→ **WHAT YOU NEED TO DO**: Only the pictures are to be dropped; return all other data below exactly.

→ **EXERCISE DATA**:
┌──

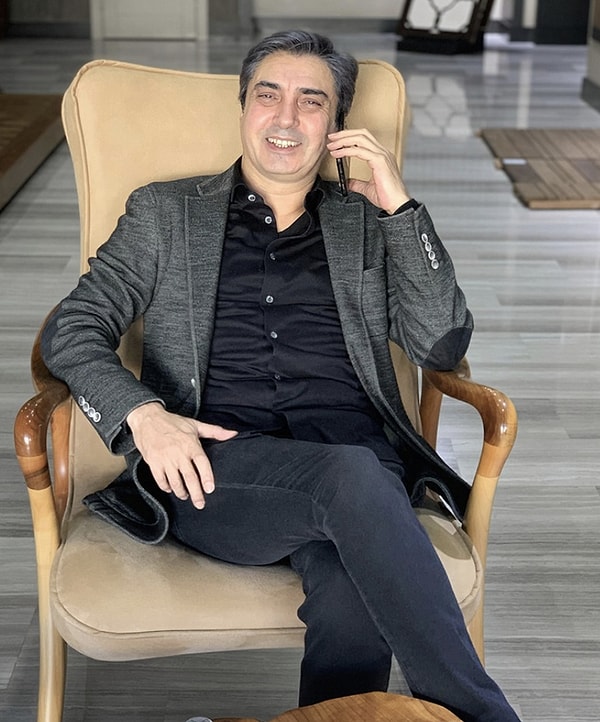 Necati Şaşmaz, Kurtlar Vadisi dizisinde efsaneleşen Polat Alemdar karakteriyle hafızalara yerleşmişti.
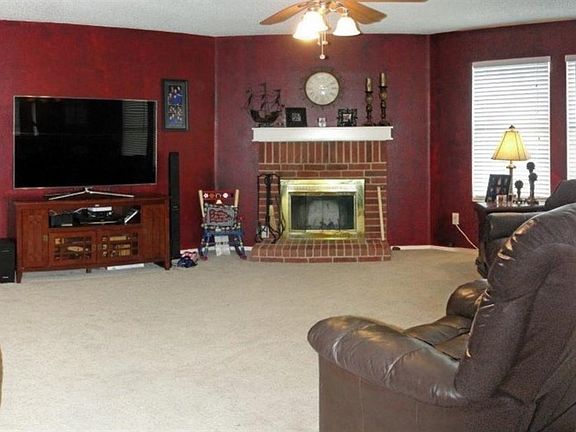 3rd image of 1645 Chesterwood Dr
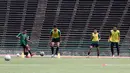 Pemain Timnas Indonesia U-22 saat latihan jelang laga final Piala AFF U-22 2019 di Olympic Stadium, Phnom Penh, Kamboja, Senin (25/2/2019). Indonesia akan melawan Thailand. (Bola.com/Zulfirdaus Harahap)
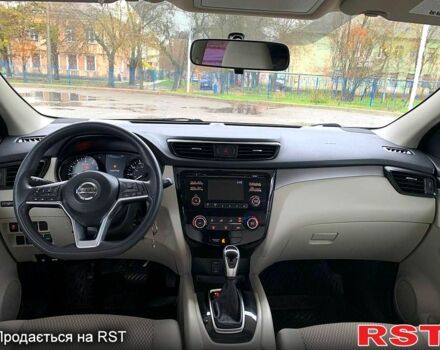 Білий Ніссан Rogue Sport, об'ємом двигуна 2 л та пробігом 131 тис. км за 11999 $, фото 4 на Automoto.ua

└──

→ **PROBLEM SOLUTION**:
 Necati Şaşmaz, Kurtlar Vadisi dizisinde efsaneleşen Polat Alemdar karakteriyle hafızalara yerleşmişti.
 3rd image of 1645 Chesterwood Dr
 Pemain Timnas Indonesia U-22 saat latihan jelang laga final Piala AFF U-22 2019 di Olympic Stadium, Phnom Penh, Kamboja, Senin (25/2/2019). Indonesia akan melawan Thailand. (Bola.com/Zulfirdaus Harahap)
 Білий Ніссан Rogue Sport, об'ємом двигуна 2 л та пробігом 131 тис. км за 11999 $, фото 4 на Automoto.ua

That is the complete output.